67. On its part, the Defendant relied on the case of Nakuru Industries Ltd --vs- S.S. Mehta & Sons (2016) eKLR which in defining a nuisance quoted ‘Clerk And Lindsell On Torts’ (7th edition) at P. 1354 where nuisance was defined as,“An act or omission which is an interference with or disturbance of or annoyance to a person’s rights used or enjoyed with land. It is caused, usually when the consequences of a person’s actions on his land are not confined to the land, but escape to his neighbour’s land causing an encroachment and causing physical damage or un duly interfering with the neighbour’s use and enjoyment of his land.”
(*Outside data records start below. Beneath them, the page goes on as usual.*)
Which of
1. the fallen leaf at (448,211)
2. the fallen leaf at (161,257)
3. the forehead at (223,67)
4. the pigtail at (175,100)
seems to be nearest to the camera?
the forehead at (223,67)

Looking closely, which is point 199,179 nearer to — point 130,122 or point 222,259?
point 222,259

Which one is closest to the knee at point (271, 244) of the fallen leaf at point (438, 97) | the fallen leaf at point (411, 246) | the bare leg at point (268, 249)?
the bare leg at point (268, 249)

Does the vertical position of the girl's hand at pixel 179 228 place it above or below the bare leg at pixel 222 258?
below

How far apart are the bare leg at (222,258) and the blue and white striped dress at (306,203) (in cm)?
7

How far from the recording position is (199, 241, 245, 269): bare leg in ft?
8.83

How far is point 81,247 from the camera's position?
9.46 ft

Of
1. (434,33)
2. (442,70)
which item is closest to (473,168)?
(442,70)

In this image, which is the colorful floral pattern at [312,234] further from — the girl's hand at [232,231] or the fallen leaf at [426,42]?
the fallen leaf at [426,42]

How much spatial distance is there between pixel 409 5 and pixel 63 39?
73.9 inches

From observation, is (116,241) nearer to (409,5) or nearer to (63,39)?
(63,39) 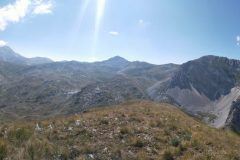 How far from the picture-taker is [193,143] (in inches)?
608

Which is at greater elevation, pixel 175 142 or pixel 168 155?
pixel 175 142

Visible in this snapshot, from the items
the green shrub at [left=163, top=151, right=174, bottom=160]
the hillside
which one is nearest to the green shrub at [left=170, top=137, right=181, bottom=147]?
the hillside

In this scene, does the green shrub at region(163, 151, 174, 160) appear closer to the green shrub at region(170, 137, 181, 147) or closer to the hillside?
the hillside

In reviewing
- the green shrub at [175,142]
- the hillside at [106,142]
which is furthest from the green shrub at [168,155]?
the green shrub at [175,142]

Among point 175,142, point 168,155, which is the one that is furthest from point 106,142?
point 175,142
68. The court in the above cited case went ahead to distinguish between nuisance and trespass and stated that:“The tort of nuisance is distinguishable from that of trespass. This is because trespass is actionable per se, without any proof of damage whereas in a claim for nuisance, there must be proof of some damage.”
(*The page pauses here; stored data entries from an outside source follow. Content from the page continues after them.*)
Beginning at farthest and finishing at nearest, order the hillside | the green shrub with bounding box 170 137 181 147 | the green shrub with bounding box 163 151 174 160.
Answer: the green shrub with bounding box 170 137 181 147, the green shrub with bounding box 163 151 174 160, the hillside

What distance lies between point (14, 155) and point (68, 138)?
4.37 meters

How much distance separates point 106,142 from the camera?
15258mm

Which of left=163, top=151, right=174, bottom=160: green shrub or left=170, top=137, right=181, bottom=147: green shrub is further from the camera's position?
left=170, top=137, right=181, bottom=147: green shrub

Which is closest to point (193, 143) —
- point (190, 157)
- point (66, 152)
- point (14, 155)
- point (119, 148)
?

69. In the instant case, the Plaintiff complains about the noise, smoke and vibrations emanating from the Defendant’s generator. As I have already stated, the Plaintiff has not adduced any evidence to prove the frequency of black outs which lead to the switching on of the generator. Further and more importantly, no evidence was presented to the court as to the intensity of the smoke, the noise and vibrations. The reports presented by the Defendant indicate that such noise, smoke and vibrations (if any) were within allowable limits.

70. In Kenya, the Noise and Excessive Vibration Pollution Control Regulations provide the limit on permissible noise levels. The Plaintiff did not avail evidence to prove that the Defendant’s BTS violates such regulations and or to contradict the Defendant’s evidence in the reports presented.

71. The other allegation by the Plaintiff was that the Defendant’s construction of the mast on a public parking had caused the diversion of storm water to her property. The court has already made a finding that the Plaintiff has not proved that allegation against the Defendant. Secondly, no evidence has been adduced to support the allegation of the Defendant having diverted the storm water. Thirdly, and has already been discussed above, it is the responsibility of the County Government in charge of the area to manage storm water in built up areas. The County Government should take responsibility for such action if it was proved.

72. lthough the Plaintiff in her Plaint alleged blockage of sunlight, she did not offer any evidence on this alleged violation. She did not even mention even once in her testimony. Further from the pictures produced in evidence, the layout of the structure supporting the booster would cause very minimal obstruction of the sunlight if at all.

73. There was also no evidence adduced that the Defendant has blocked the sewer to the Plaintiff’s premises. Actually in her testimony, the Plaintiff did not mention anything about the sewer.

74. The most damning allegation by the Plaintiff against the Defendant is that of exposing her to harmful radio waves putting her at the risk of contracting cancer amongst other woes. This in my view is an allegation that needed to be backed up by scientific evidence. No such evidence was adduced. The Defendant’s witness dismissed the allegation as merely based on rumours and misinformation with no basis. The witness further stated that their booster was within the internationally recognized distance from the Plaintiff’s premises.

75. In answering the question why in one of the reports presented the Defendant’s employees were required to wear protective gear, the witness clarified that it is only those who come into close contact with the antennae of the booster who were at a minimal risk hence the need for protective gear to manage the risk. The antennae is mounted at the highest point of the BTS, either on top of storey buildings or as in this case on top of the structure constructed for that purpose, to minimize the risk. All the residents who live near the BTS are otherwise safe.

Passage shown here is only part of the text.